What i am trying to do is:
1.Compiling Linux kernel From source code.
---this in turn compiles the kernel and also the initramfs file.
2. Compile modules.
---but want to put in other drive.
3.Hence a newly installed linux OS, a new entry in boot loader.
4.All above shall be carried out in Debian based Ubuntu Distro.

Putting in a comprehensive manner:

i want to compile the kernel from its source and want to put that in other drive
and also want to put the initramfs along with the /etc/modules filees to other drive
hences forming a whole new OS standing seperated from the HOST OS.

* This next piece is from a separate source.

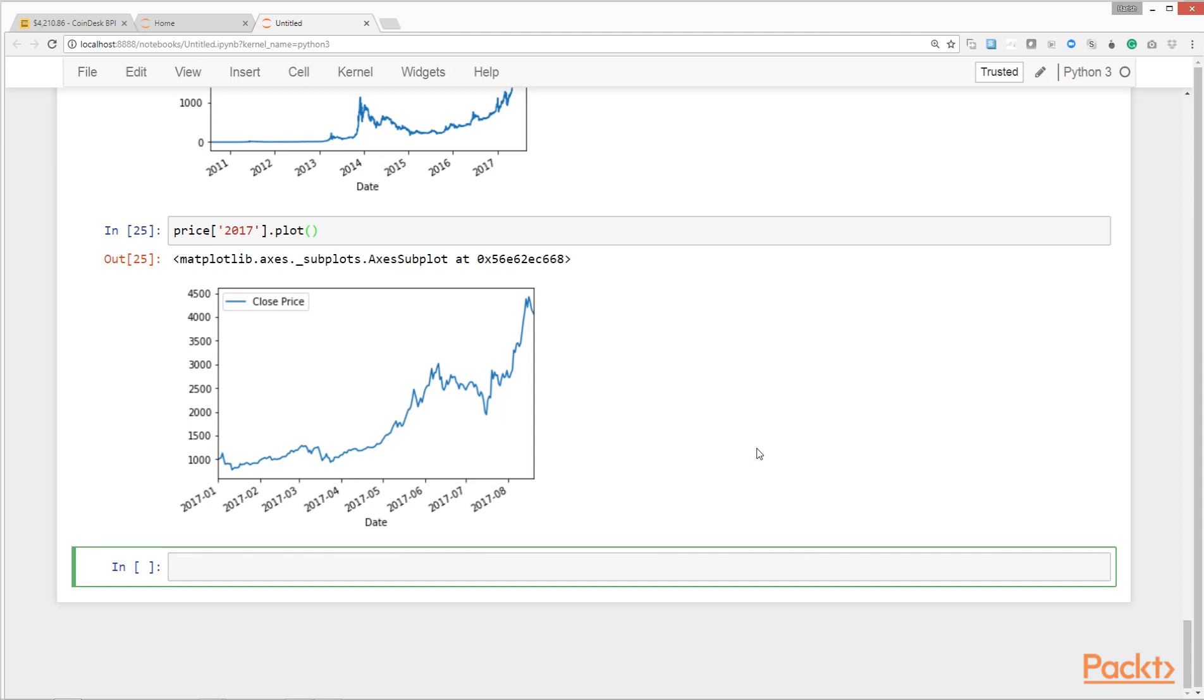In this video we learned how to get, clean, manipulate, explore, and visualize Bitcoin price data. We learned how to prepare our setup for data analysis. We saw how to get, read in, and clean the price data. We learned how to explore, manipulate, and visualize the cleaned up data.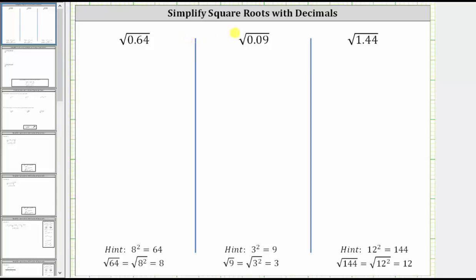We are asked to simplify the given square roots with decimals. The first example is the square root of 0.64. Notice how this resembles the square root of 64, and because 64 is equal to eight squared, the square root of 64 is equal to eight.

Clarifying the above by providing an example:
--Host OS: Ubuntu
-----------------/dev/sda1
--------------------------/ (Only root and everything mounted with repstec to /)
|
|
|
|---Kernel is been compiled on this OS.
|
|
|---Now put the kernel image, initramfs, modules folder to
--------/dev/sda2
-----------------/(pre-ready root mountable)

--
Now add new entry to Booot loader for this new OS



issues:---
--How to put /etc/modules to /dev/sda2 while making modules_install
--How to install grub in /dev/sda2 , so i will be erasing /dev/sda1 althou the grub will be over /dev/sda .
--Wanted to make a Debian based system(kernel).


What i have tried-
---- Compiling linux kernel
-----------make menuconfig
-----------make(got error: out of space:How much HDDspace required? am i suppose to provide more than 10 GB?)
-----------make modules(not performed due to above error)
-----------make modules_install ( this is the point where i want to get modules to /dev/sda2)(am i correct?).
-----------(manually cp the generated kernel image to /dev/sda2
-----------(manually copying initrd files to /dev/sda2)(am i correct?).

is this correct---?
-Put kernel image file in /dev/sda2/boot/
-Put initrd file in /dev/sda2/boot/

----Lastly am i missing something..?
----Whats System.map files is and what for it is?


i hope i have presented a fair scenario of what i am trying to do !!!

Links, descriptions, books, refferences, further readings, instructions are appriciated!!!

cyent 04-30-2013 03:22 PM

An easier / better way may be to use a Ubuntu Kernel source package and use that. It is essentially a scripted "build and package a kernel for distribution".

smedley76 04-30-2013 10:37 PM

i am sure you will find compilng the kernel much easier by following this nifty guide

sundialsvcs 05-04-2013 08:28 AM

The word "shall" in the OP strongly implies that this is a homework assignment. :tisk:

In any case, when compiling a kernel, I first of all, don't attempt to do that on any system whose kernel is designed to be maintained through the use of packages! Responsibility for maintaining the packages (source and binary) rests with the "distro" publisher, and I don't assume that the distributed source-code as installed on my system 100%-matches what the binaries (which work...!) contain.

When compiling a kernel, a hidden file called .config drives the process, and I always make multiple named backup copies of that file, placing them in a safe subdirectory within /root and write-protecting each one. I keep a distinct copy of every version that there has ever been of this file. (I also keep kernel-images and boot-loader configuration files there. All the files are not-hidden.

Finally, I keep a running log. "Captain's Log, Stardate 1234.5." What, exactly, did I do today. Why did I do it? What, exactly, messages appeared? And so on. A current copy of the log is copied into that same dated subdirectory, and write-protected along with all the other files. ("Trust the computer's RAM chips, but don't trust your memory." Especially as you get ... :hattip: well, never mind!)

When compiling, I always recompile everything, every time, in a process that goes something like this:
  1. mv .config dont_lose_me
  2. make distclean
  3. mv dont_lose_me .config
  4. make ... make modules ... make (what have you)
  5. make install
  6. manually examine the "/boot" directory and boot-loader configuration files.
Steps 1-3 are the most important: after carefully saving the ".config" that would otherwise be destroyed :eek: in step 2, I cause everything to be reset to a "nothing has been compiled" state, then put the config file back. The remaining steps are then obliged to recompile every part of the system, including every module. In this way, it is very unlikely that I will "mix apples with oranges."